Recently, Iran was quickly loading tankers at Kharg Island, likely to send out as much crude as possible before potential attacks on the facility. A similar strategy was implemented last June prior to expected assaults by Israel and the U.S.

Any attack on the Kharg Island terminal would be a severe blow to Iran's economy.

Iran's principal natural gas fields are further south along the Persian Gulf coast, where facilities in Assaluyeh and Bandar Abbas process, transport, and ship gas and condensate for domestic use in energy and other industries.

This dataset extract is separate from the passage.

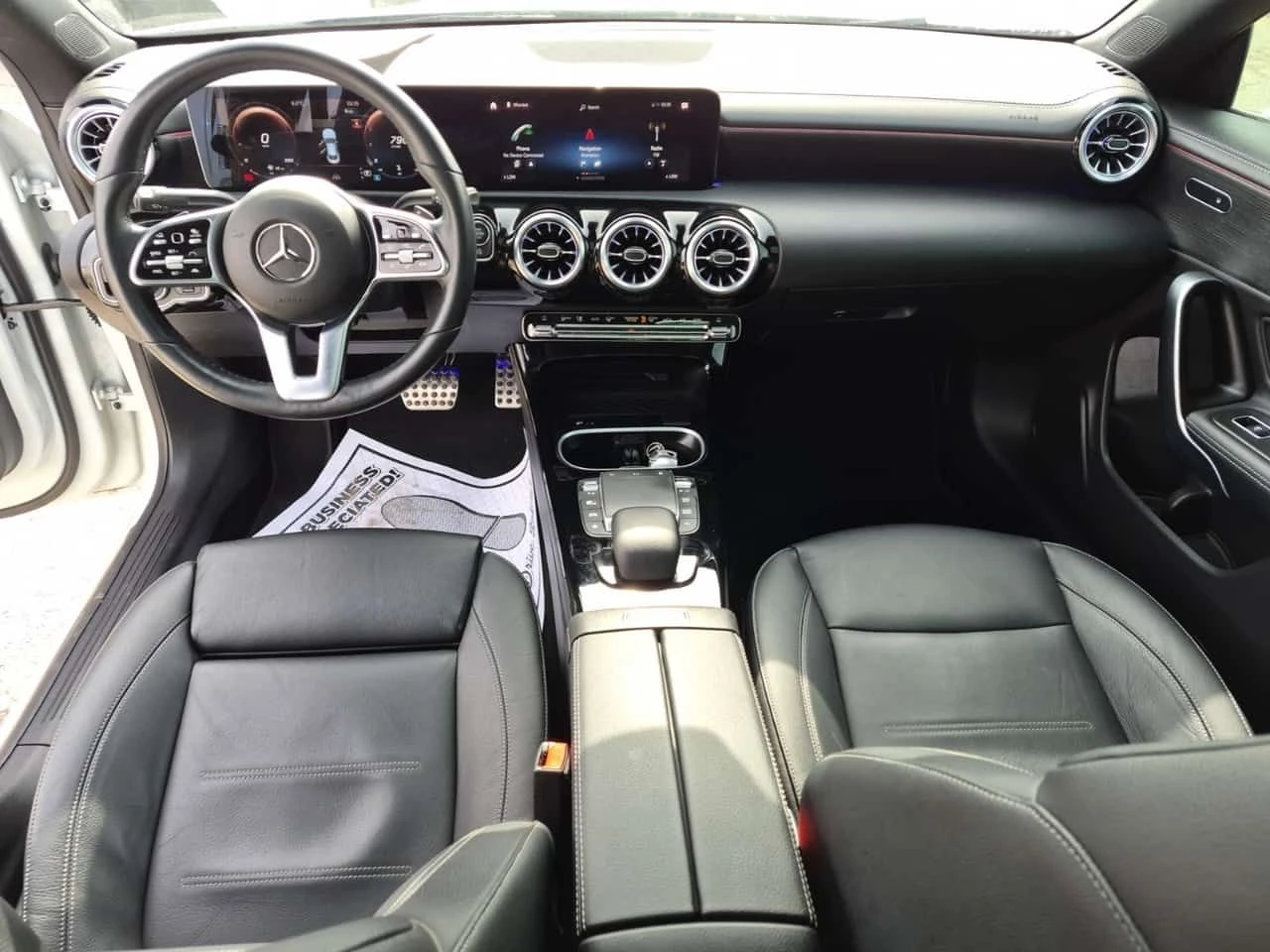 Mercedes-Benz CLA 250  | PANORAMA | DISTRONIC | 360 | , снимка 9 - Автомобили и джипове - 53972138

This area is also crucial for Iran's condensate exports. During the June conflict, an attack on a local gas facility raised concerns among traders but did not lead to a lasting surge in oil prices since it did not impact any export facilities.

Market Reactions

During the June conflict, oil prices rose significantly, with Brent crude breaking above $80 per barrel in London. However, these gains quickly subsided once it was evident that regional oil infrastructure remained intact.

Since then, fears of oversupply have dominated the market, resulting in crude prices in London ending the year about 18% lower than the beginning of 2025.

Despite concerns about an oversupply, prices have seen a 19% increase this year, partly fueled by anxiety over potential U.S. strikes on Iran.

With major oil futures markets closed for the weekend, insights into trader responses to the latest attacks are limited. However, a retail trading platform, run by IG Group Ltd., had West Texas Intermediate priced at $75.33, a rise of up to 12% from Friday’s closing price.

For the global benchmark Brent, the attacks are likely to push prices towards $80 in the “near term” as analysts anticipate a “widening escalation cycle,” according to Bloomberg Intelligence analysts Will Hares and Salih Yilmaz.